Aujourd’hui, pour y faire face, on recourt fréquemment aux livres audio. Parmi les cas célèbres évoqués figure le savant Albert Einstein, qui a commencé à parler seulement à l’âge de quatre ans et qui fut à l’école un élève très distrait. Ses connexions mentales atypiques l’ont toutefois amené à décrocher le prix Nobel de Physique (1921).
Dysorthographie
Ce trouble concerne l’écriture et se manifeste par des erreurs, des omissions et des substitutions de lettres, même en présence d’une bonne lecture. Le écrivain Hans Christian Andersen, auteur de La Petite Sirène, en est affecté et commettait de nombreuses fautes phonétiques et orthographiques dans ses contes, allant parfois jusqu’à inventer des mots.
De même, l’homme d’État Winston Churchill accumulait les imprécisions et avait des difficultés avec la grammaire, mais il a pourtant brillé dans l’art oratoire (il remporta le Prix Nobel de littérature en 1953). Même la reine du roman policier Agatha Christie remplissait ses manuscrits d’erreurs d’orthographe, préférant dicter ainsi ses intrigues à ses secrétaires.
Dysgraphie
Ceux qui en souffrent présentent des difficultés d’ordre exécutif et moteur dans l’écriture, ce qui rend le tracé irrégulier, imprécis et peu lisible. Le trouble ne concerne donc pas le langage dans son ensemble, mais uniquement l’organisation du geste graphique. À en souffrir, selon beaucoup, serait même le génie Léonard de Vinci, qui, en écrivant de droite à gauche, commettait de nombreuses erreurs linguistiques, se révélant souvent incompréhensible (compensant toutefois par une intelligence exceptionnelle).
Dyscalculie
Elle est le trouble lié aux capacités de calcul, qui entraîne d’importantes difficultés à comprendre les nombres et les procédures arithmétiques, même pour des opérations algébriques très simples (pour y remédier, on autorise fréquemment l’usage de la calculatrice pour les élèves qui en souffrent). Un exemple emblématique est celui de l’inventeur prolifique Thomas Edison, à l’école jugé « lent » en arithmétique, mais qui a ensuite pu breveter plus de mille inventions (du phonographe à l’ampoule à incandescence).
Troubles mixtes des aptitudes scolaires (TMAS)

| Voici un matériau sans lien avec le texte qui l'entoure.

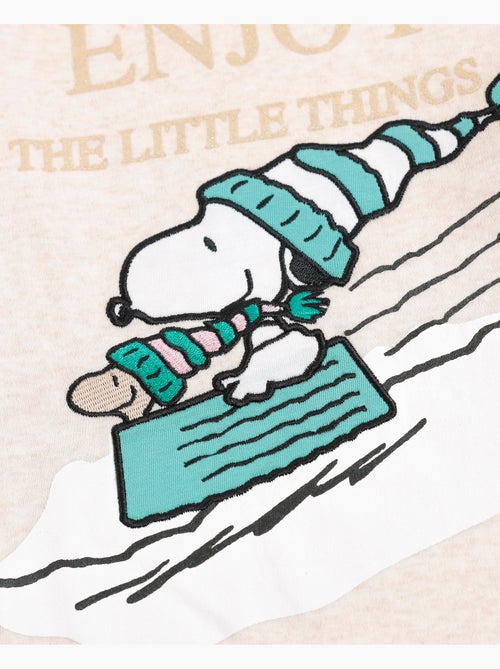 PEANUTS Pijama Manga Larga Let It Snow para Niña - Kiabi PEANUTS Pijama Manga Larga Let It Snow para Niña - Kiabi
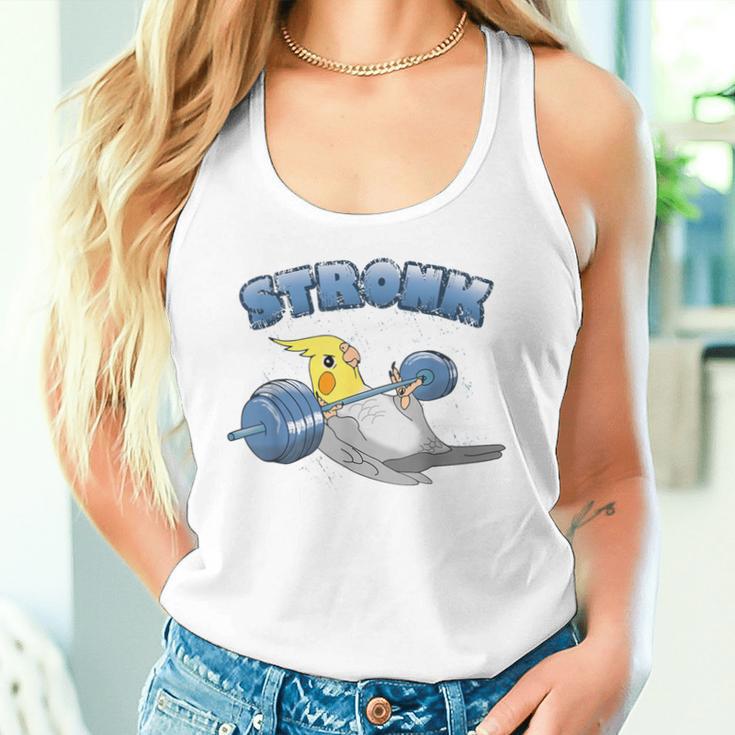 Stronk オカメインコ フィットネス オウム ワークアウト オカメインコ 鳥 ミーム タンクトップ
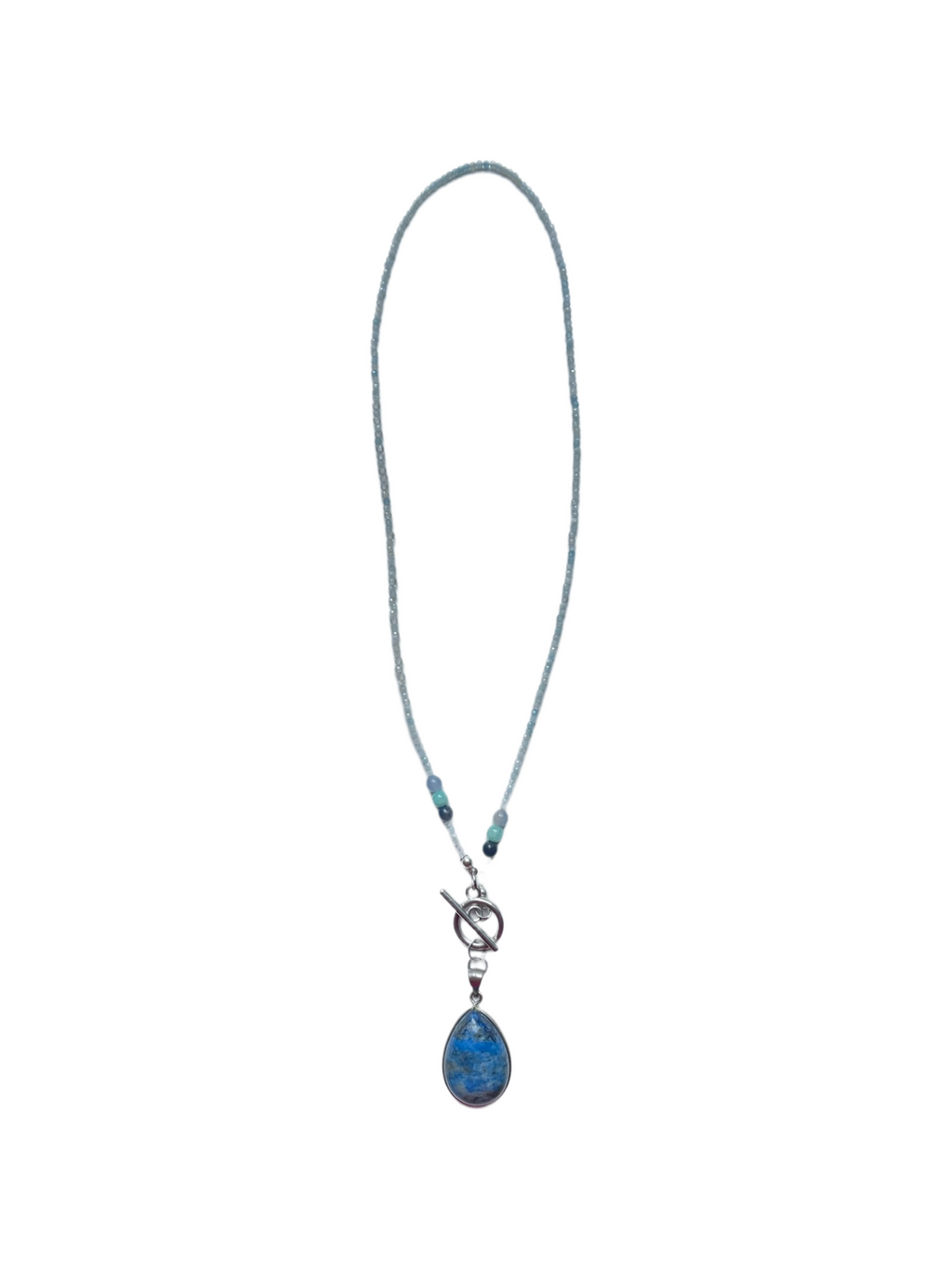 Lapis Lazuli Heart Pendant Necklace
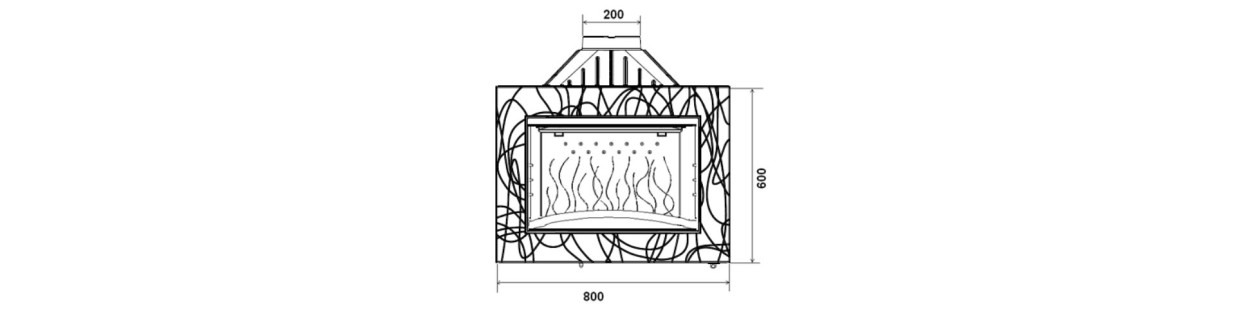 Foyer insert 800 Symphonie 658344 Invicta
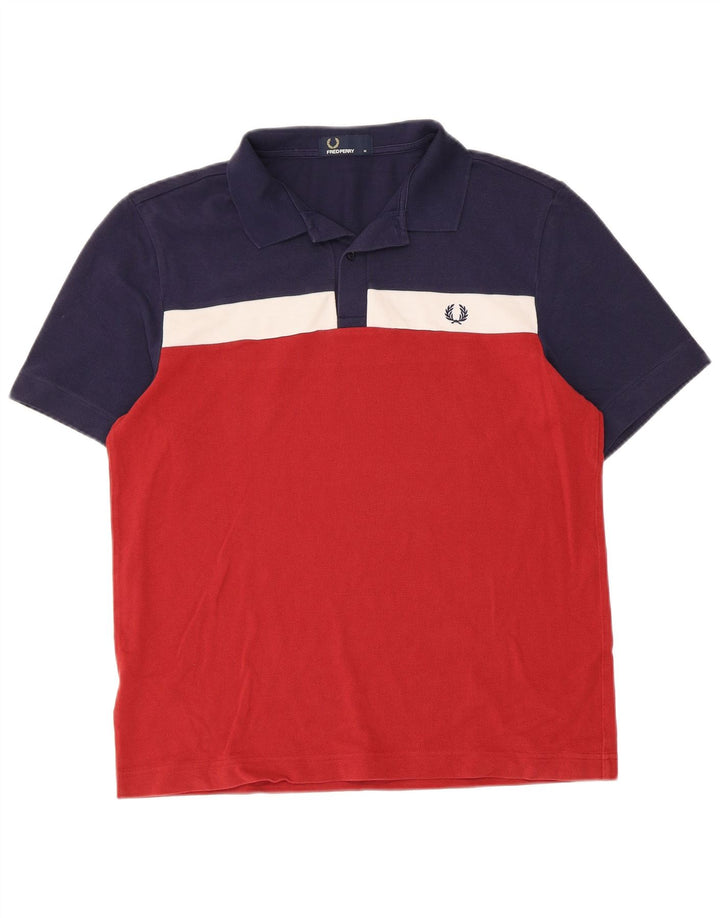 Fred Perry Ανδρικό πουκάμισο πόλο μεσαίο πολύχρωμο βαμβακερό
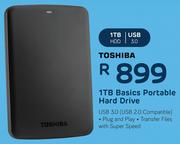 Toshiba 1TB Basics Portable Hard Drive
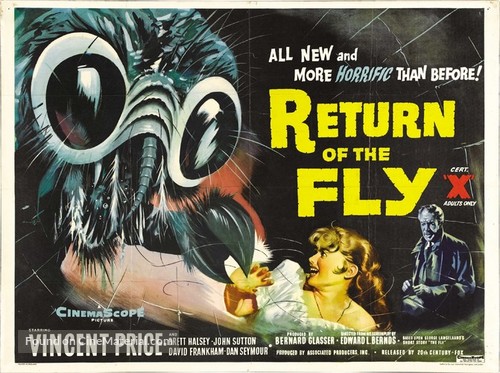Return of the Fly - British Movie Poster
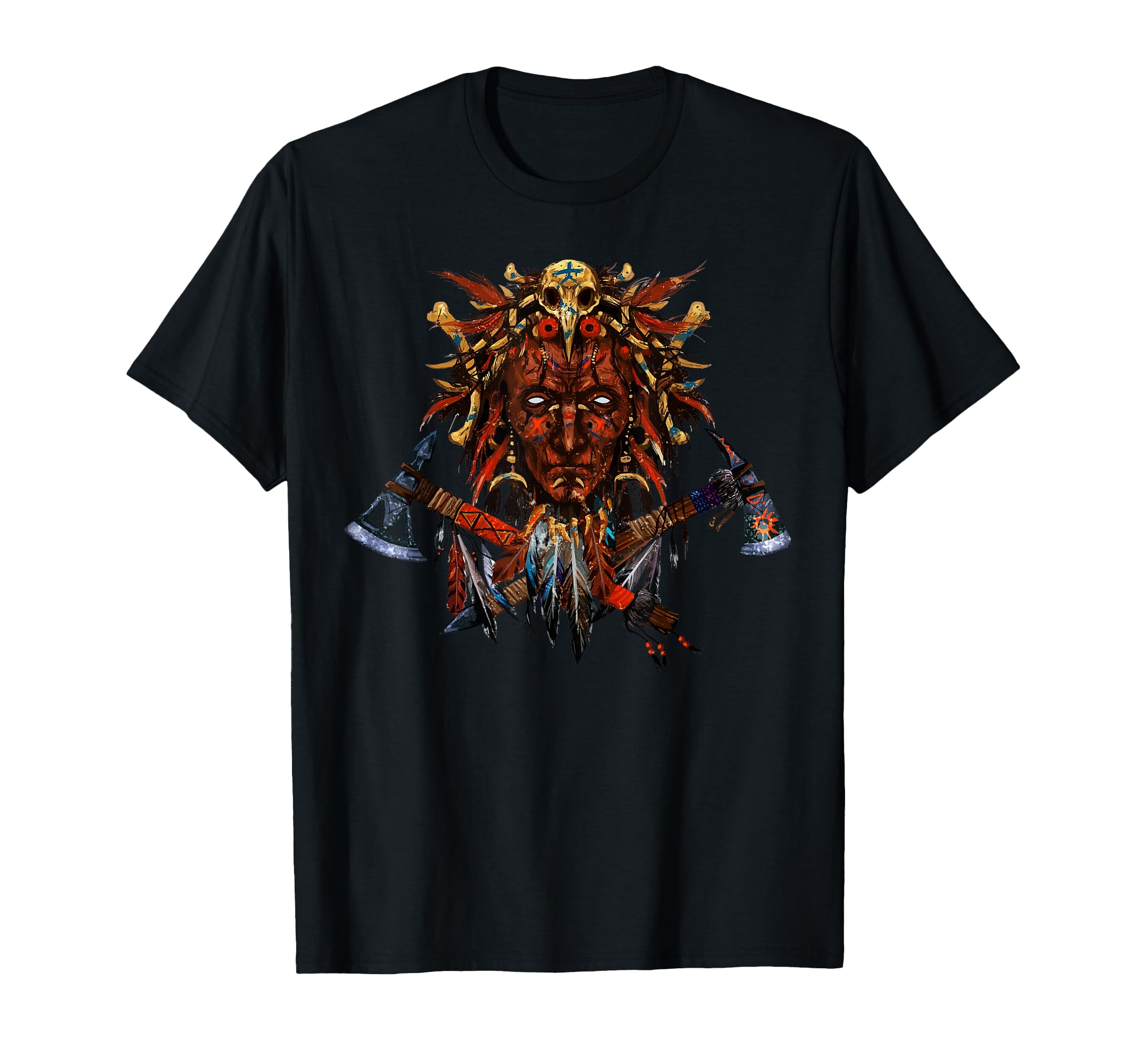 American Indian Skull Native Eagle T-Shirt - Unique Graphic for Adults - T-Shirt, Sweatshirt, Hoodie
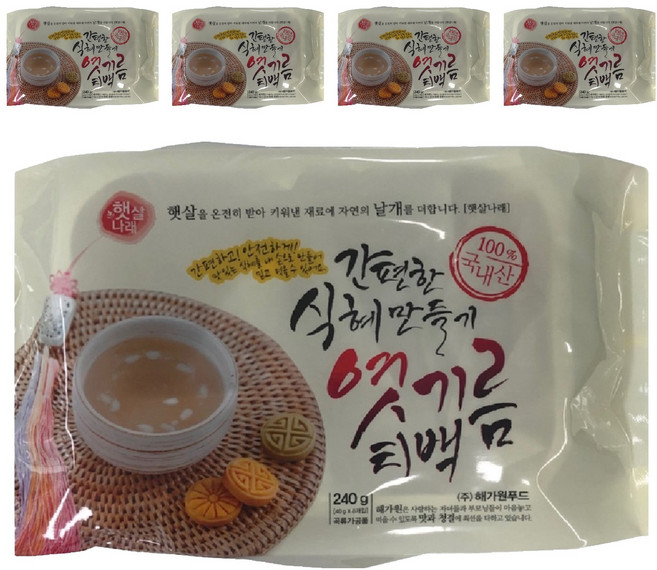 Haetsalnarae 簡易甜米露製作麥芽茶包, 240g, 5個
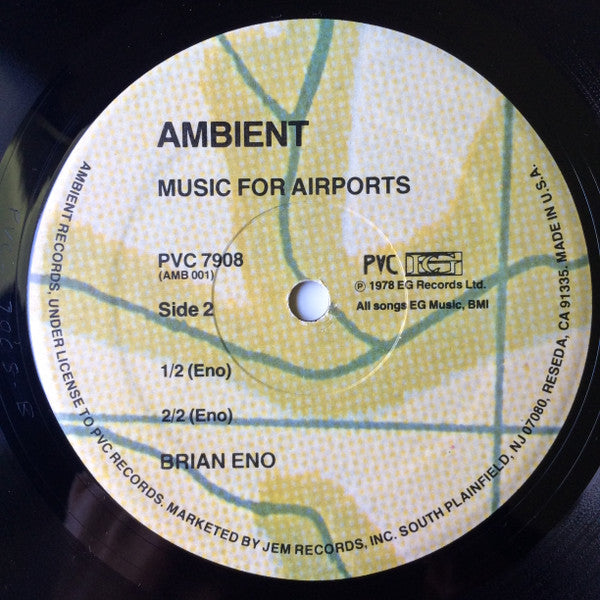 Brian Eno : Ambient 1 (Music For Airports) (LP, Album)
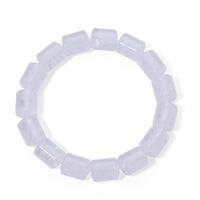 White Crystal Quartz Beaded Stretch Bracelet 200.00 ctw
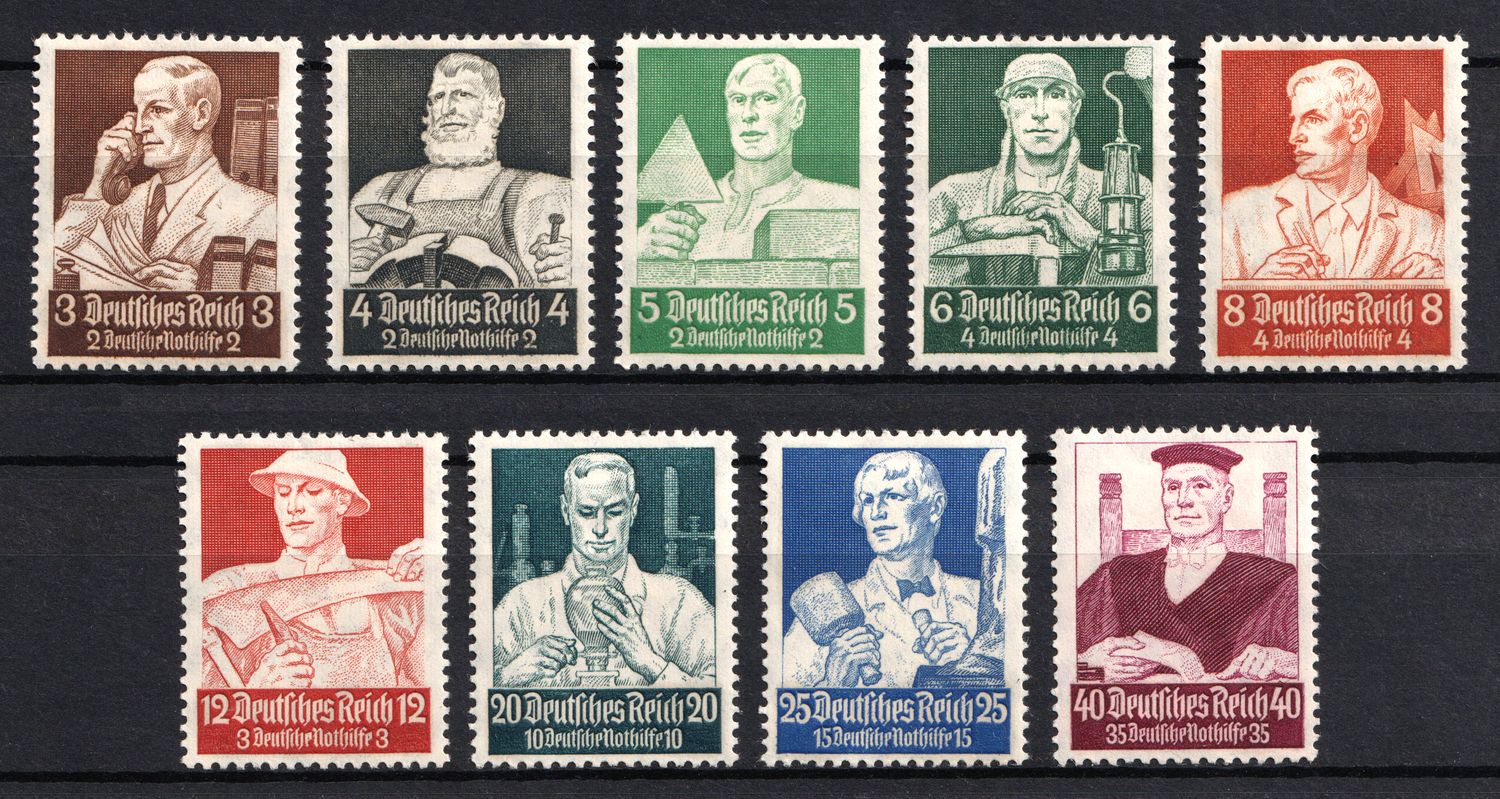 1934 Third Reich, Germany (Mi. 556 - 564, Full Set, CV $120)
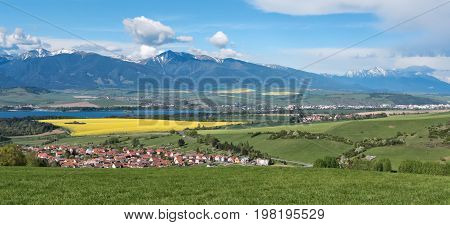 Panoramic landscape - region Liptov at Slovakia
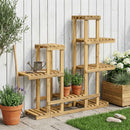 Planteholder Hvid 118 x 25 x 96,5 cm Massivt Akacietræ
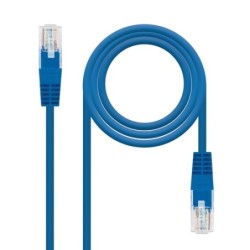 Nanocable 10200401-BL cavo di rete Blu 1 m Cat6e U/UTP UTP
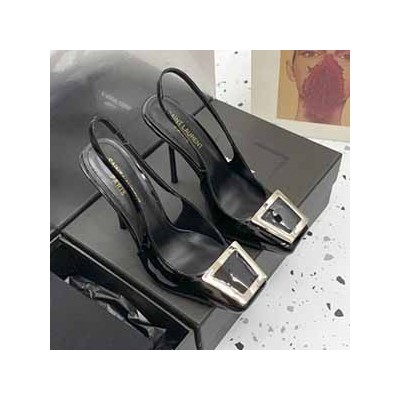 YVESSAINT LAURENT MAXINE SLINGBACK PUMPS - 입생로랑 맥신 슬링백 펌프스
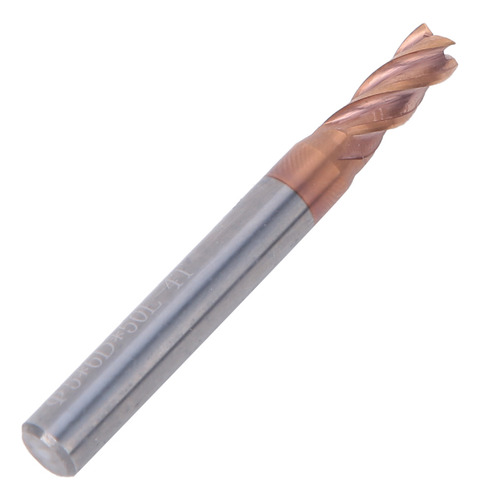 Fresa De Carburo, 5 Mm, 4 Ranuras, Nanorrevestimiento En Esp
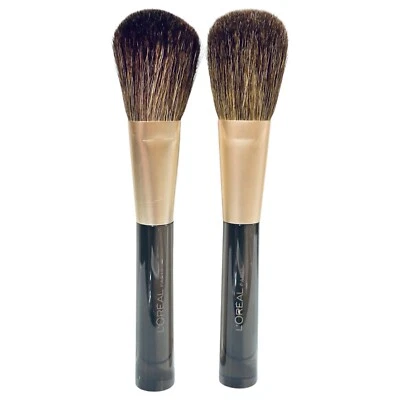 Cepillo en polvo para todo uso 100 % natural L'OREAL Makeup Artiste, lote de 2 Foto 1 de 3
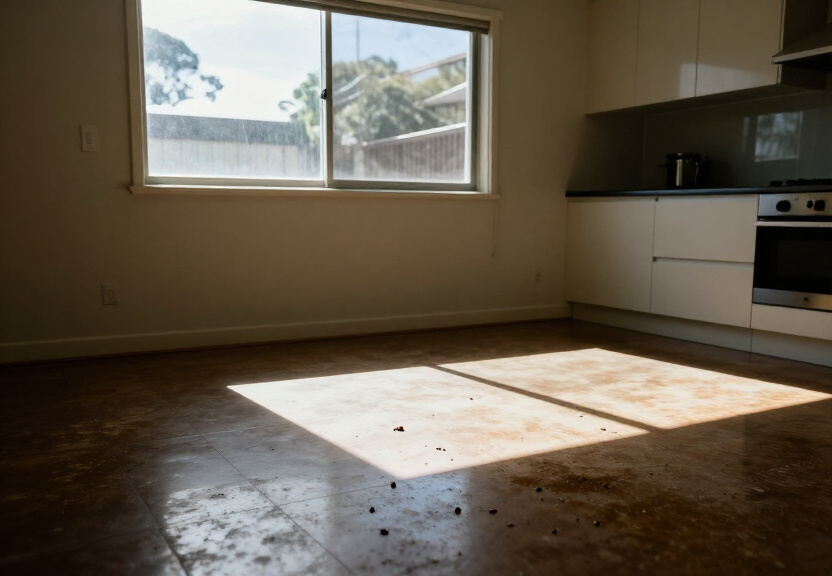Rodent droppings and damage in a Regentville home before treatment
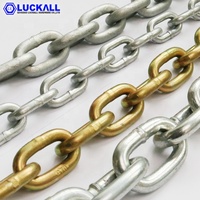 Cadena de Transmisión Soldada de Zinc Galvanizado DIN5685, Acero al Carbono, Eslabones Cortos/Medianos, Comercial/Industrial, 8MM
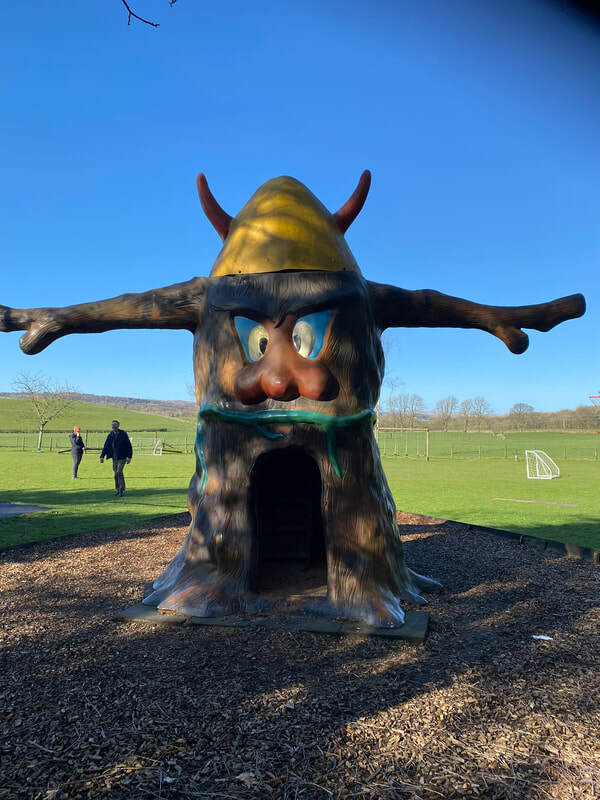 The Millennium Playing Field, Playground tree man slide front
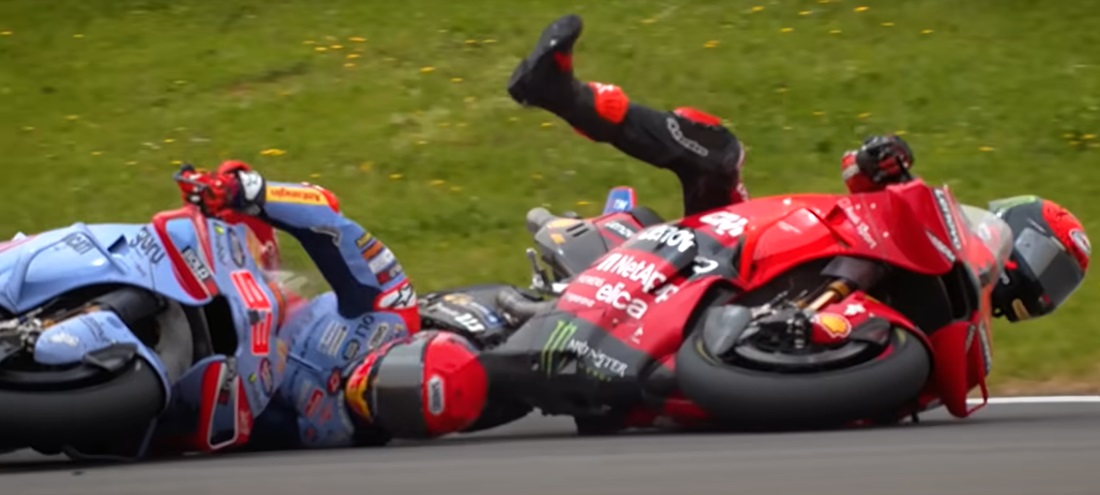 Insiden Francesco Bagnaia dan Marc Marquez, Salah Siapa? Ini Kata FIM MotoGP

Les DSA peuvent aussi se présenter sous une forme multiple, et dans ce cas on parle de « Troubles mixtes des aptitudes scolaires » (TMAS), condition qui s’avère d’ailleurs assez fréquente. Parmi les figures célèbres qui en auraient souffert, on pense vraisemblablement au peintre Pablo Picasso, artiste qui supportait mal la discipline scolaire et qui montrait des difficultés tant à la lecture qu’à l’écriture (il trouva toutefois dans l’art son langage expressif, transformant ainsi ses troubles en audace créatrice).
« Troubles annexes »
Outre les troubles listés, existent d’autres conditions qui, même si elles ne relèvent pas techniquement des DSA, présentent des caractéristiques analogues. Par exemple, le « trouble spécifique du langage » (compréhension et production du langage oral), la « dyspraxie » (difficulté à coordonner les mouvements, qu’ils soient fins ou grossiers), le « trouble de l’élaboration auditive » (dysfonctionnements auditifs non structurels) et celui du « l’apprentissage non verbal » (relatif à la sphère visuo-spatiale et sociale).